(PROVIDED MATERIAL Opens)
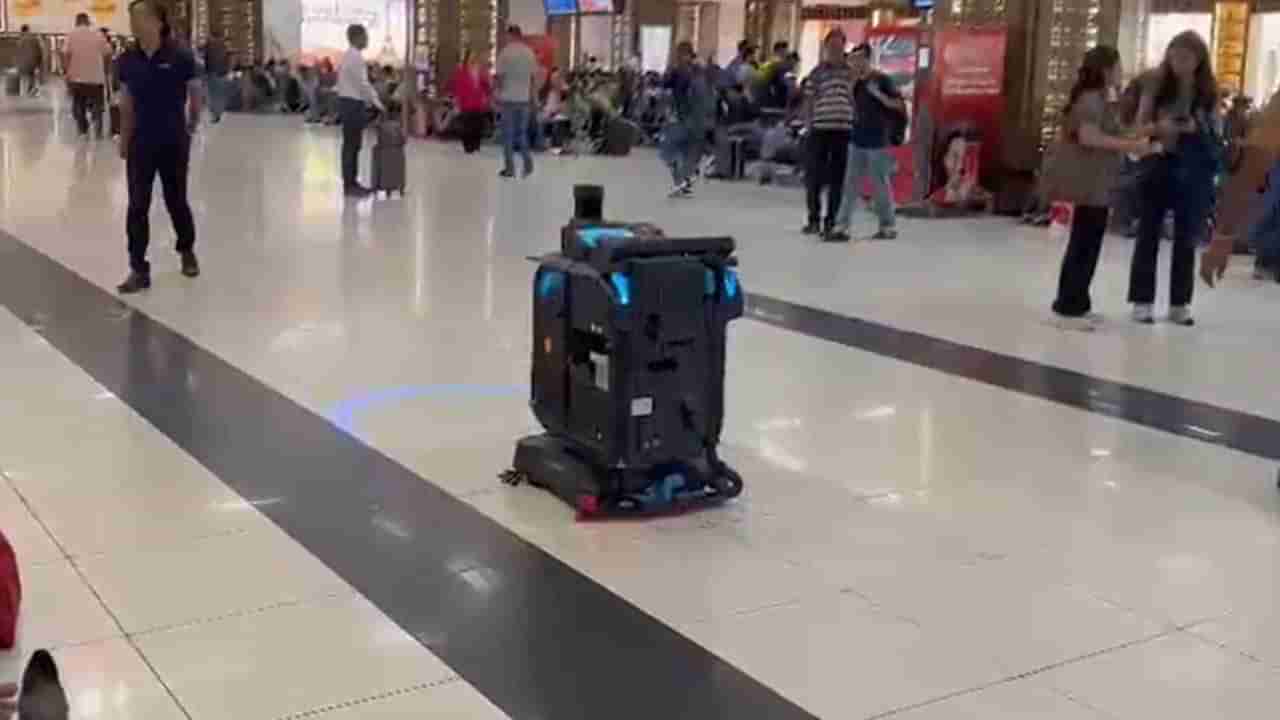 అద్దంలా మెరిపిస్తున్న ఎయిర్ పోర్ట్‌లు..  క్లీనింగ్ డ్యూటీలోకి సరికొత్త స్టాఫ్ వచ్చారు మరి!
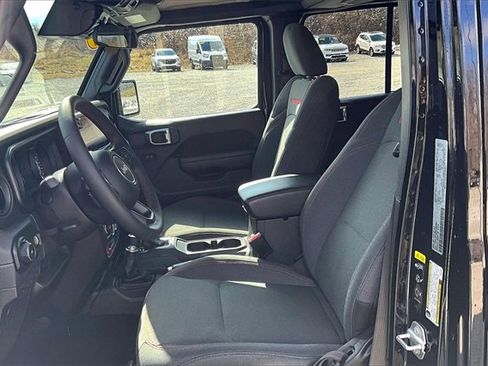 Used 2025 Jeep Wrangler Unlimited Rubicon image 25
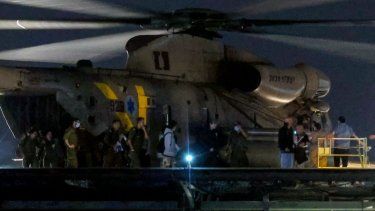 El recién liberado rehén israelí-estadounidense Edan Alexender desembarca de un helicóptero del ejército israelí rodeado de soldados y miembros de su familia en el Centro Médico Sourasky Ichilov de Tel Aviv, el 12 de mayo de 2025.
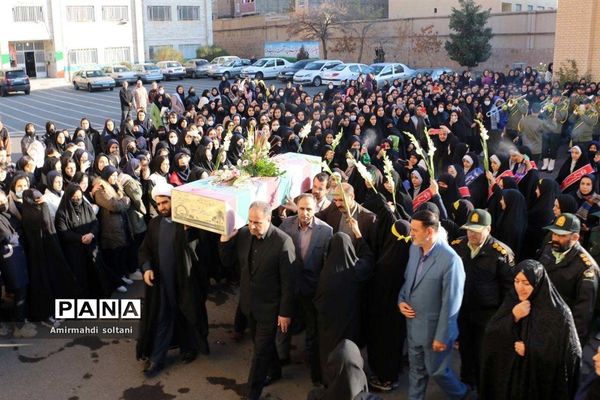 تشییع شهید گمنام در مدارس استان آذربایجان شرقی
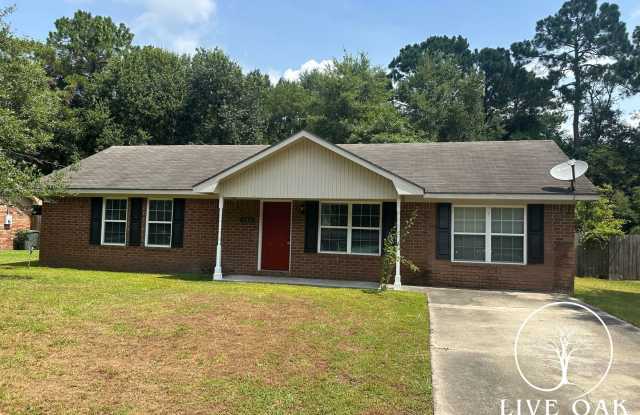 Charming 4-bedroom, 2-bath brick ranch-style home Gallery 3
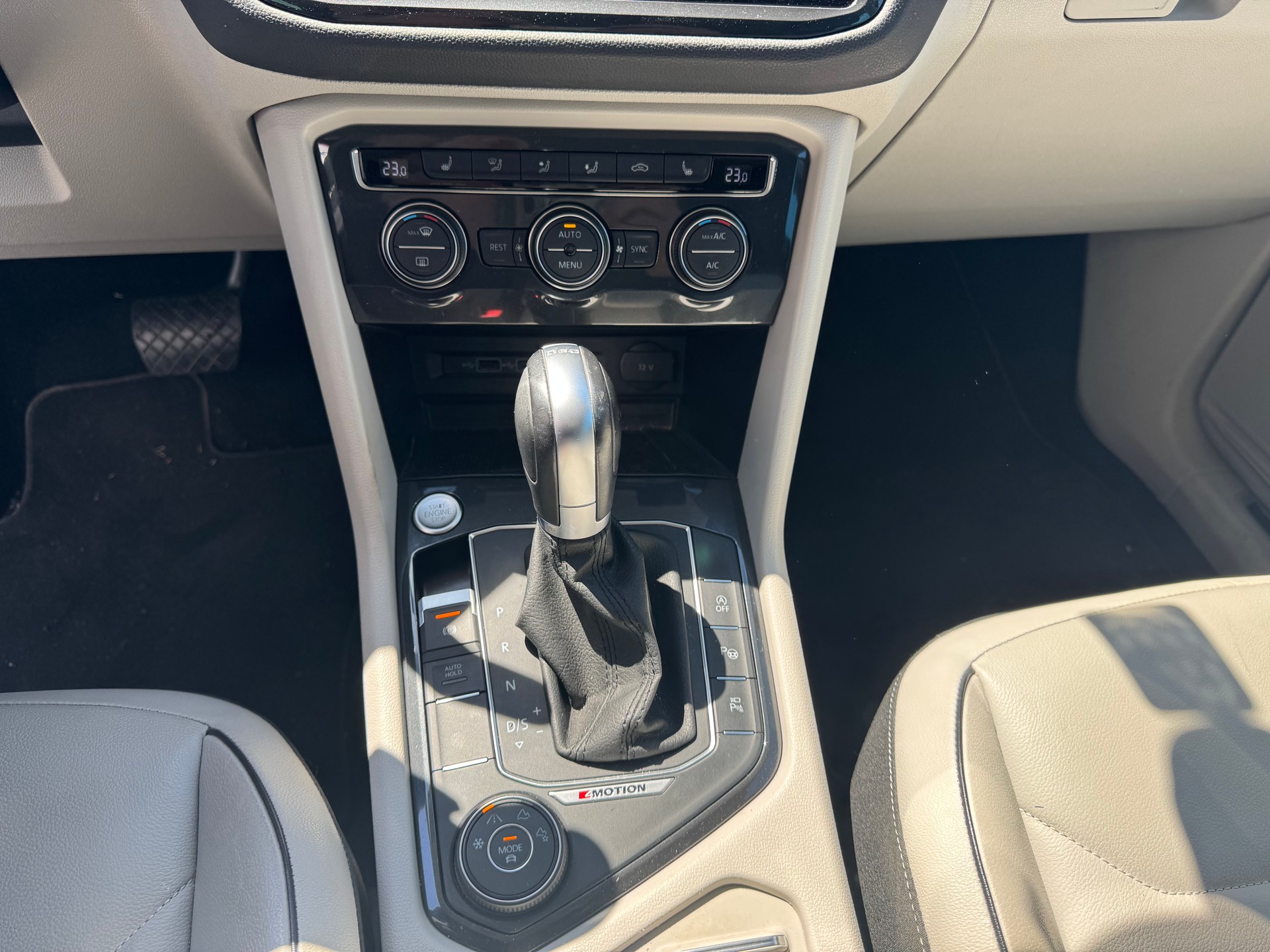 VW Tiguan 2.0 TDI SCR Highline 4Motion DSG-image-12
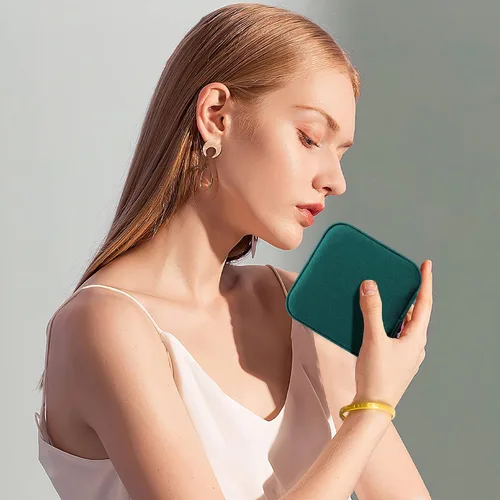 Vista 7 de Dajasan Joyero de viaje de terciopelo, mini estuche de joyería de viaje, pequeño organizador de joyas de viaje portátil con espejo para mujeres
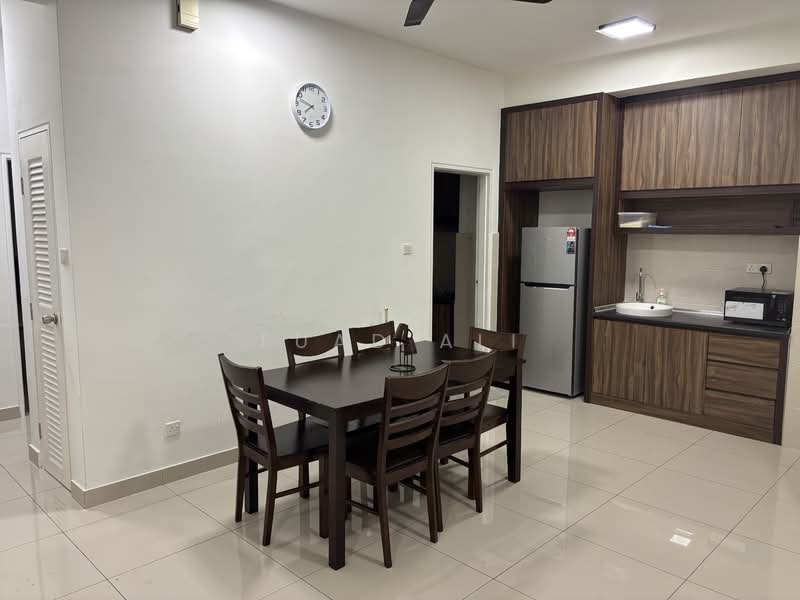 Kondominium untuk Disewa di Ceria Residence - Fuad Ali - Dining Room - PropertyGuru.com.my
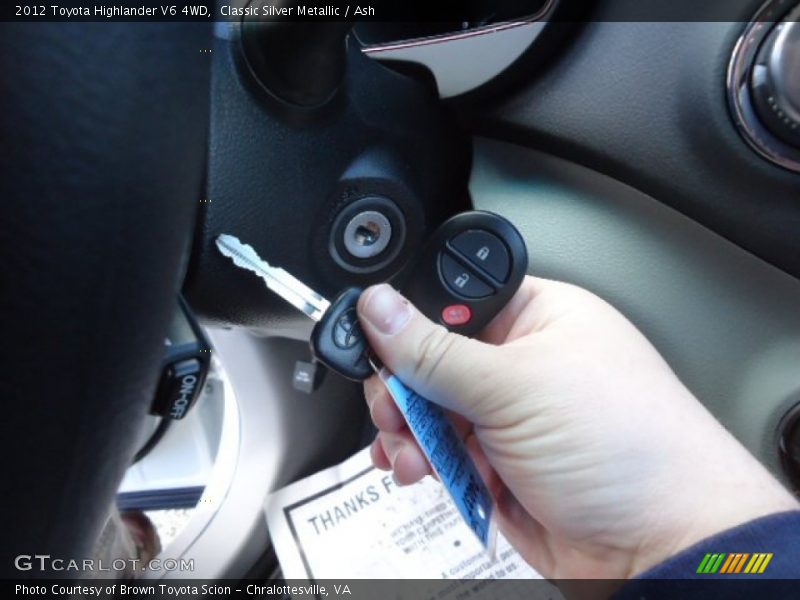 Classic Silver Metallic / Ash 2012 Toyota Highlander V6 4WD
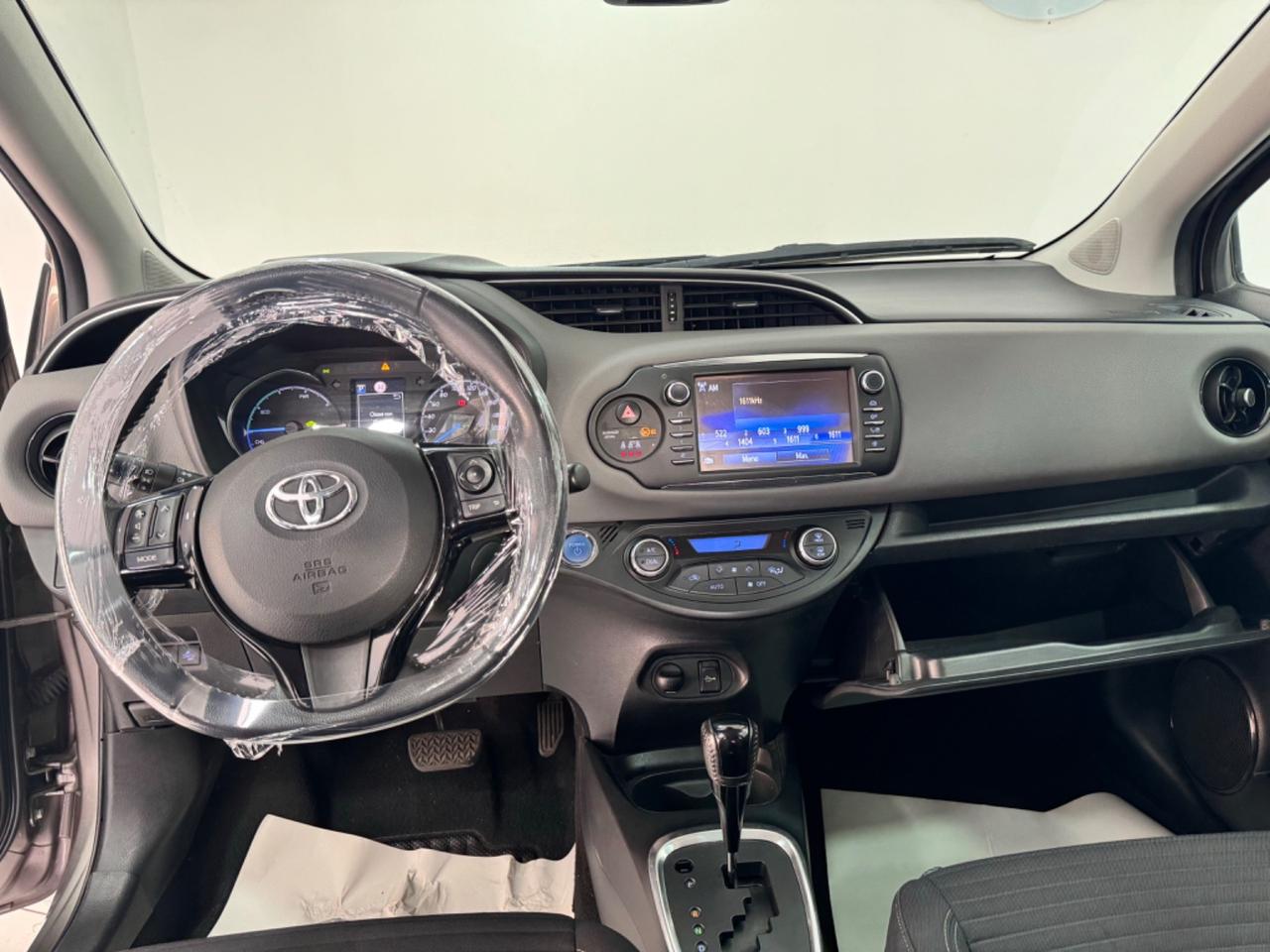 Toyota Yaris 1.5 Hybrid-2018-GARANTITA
(PROVIDED MATERIAL Closes)
• TRY IT: Repeat each entry exactly. Pictures do not belong in the copy.

• REPLY:
 అద్దంలా మెరిపిస్తున్న ఎయిర్ పోర్ట్‌లు..  క్లీనింగ్ డ్యూటీలోకి సరికొత్త స్టాఫ్ వచ్చారు మరి!
 Used 2025 Jeep Wrangler Unlimited Rubicon image 25
 El recién liberado rehén israelí-estadounidense Edan Alexender desembarca de un helicóptero del ejército israelí rodeado de soldados y miembros de su familia en el Centro Médico Sourasky Ichilov de Tel Aviv, el 12 de mayo de 2025.
 تشییع شهید گمنام در مدارس استان آذربایجان شرقی
 Charming 4-bedroom, 2-bath brick ranch-style home Gallery 3
 VW Tiguan 2.0 TDI SCR Highline 4Motion DSG-image-12
 Vista 7 de Dajasan Joyero de viaje de terciopelo, mini estuche de joyería de viaje, pequeño organizador de joyas de viaje portátil con espejo para mujeres
 Kondominium untuk Disewa di Ceria Residence - Fuad Ali - Dining Room - PropertyGuru.com.my
 Classic Silver Metallic / Ash 2012 Toyota Highlander V6 4WD
 Toyota Yaris 1.5 Hybrid-2018-GARANTITA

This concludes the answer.